### Data for review

════════════════

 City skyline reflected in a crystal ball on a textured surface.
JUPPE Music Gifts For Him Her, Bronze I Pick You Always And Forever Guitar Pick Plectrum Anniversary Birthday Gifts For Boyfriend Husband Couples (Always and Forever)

════════════════

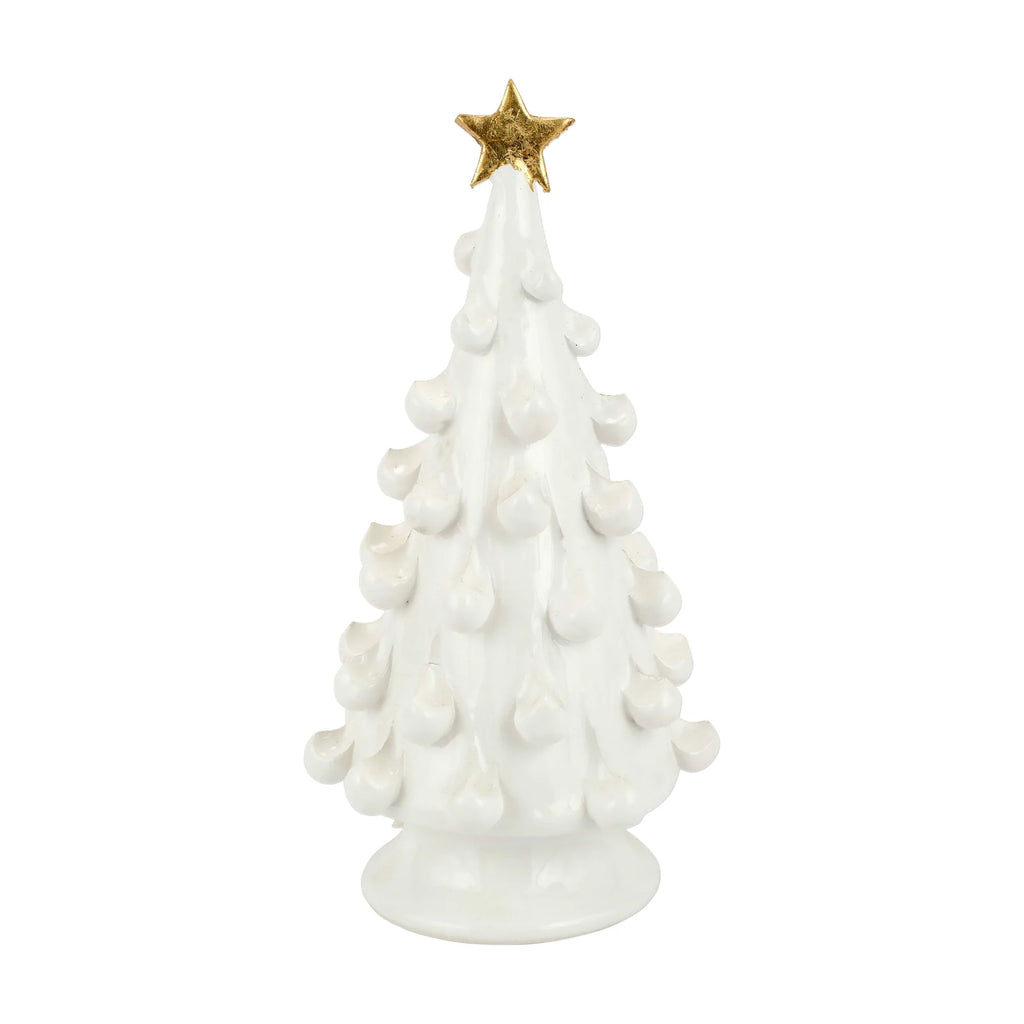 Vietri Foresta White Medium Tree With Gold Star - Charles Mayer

════════════════

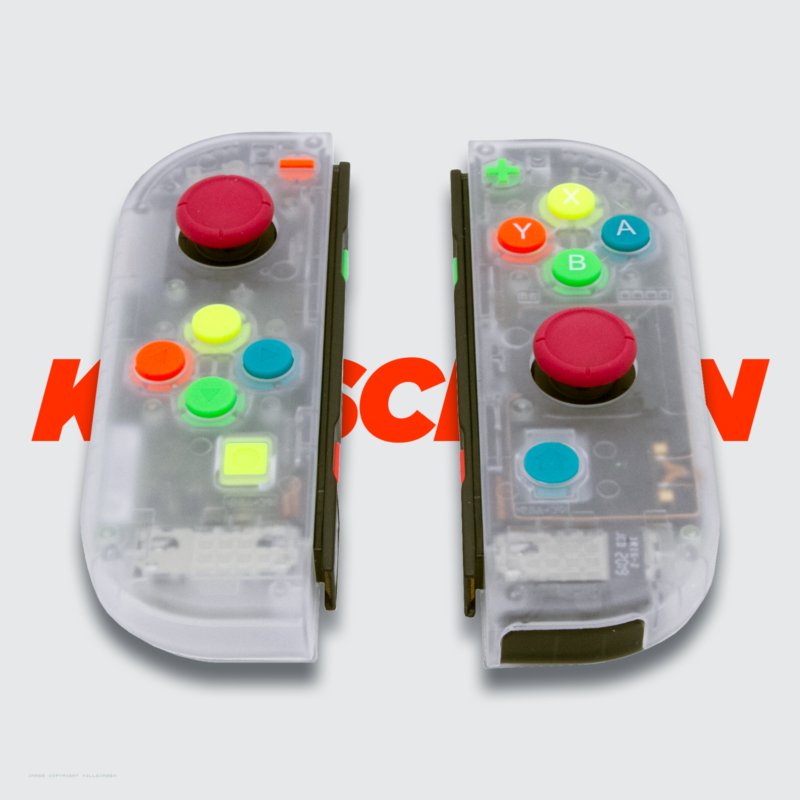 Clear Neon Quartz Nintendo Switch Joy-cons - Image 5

════════════════

### How to complete this task
Using the entries above, return exactly the lines from the line with "City skyline reflected" to the line with "JUPPE Music Gifts", counting both of those lines.

### Worked solution
 City skyline reflected in a crystal ball on a textured surface.
JUPPE Music Gifts For Him Her, Bronze I Pick You Always And Forever Guitar Pick Plectrum Anniversary Birthday Gifts For Boyfriend Husband Couples (Always and Forever)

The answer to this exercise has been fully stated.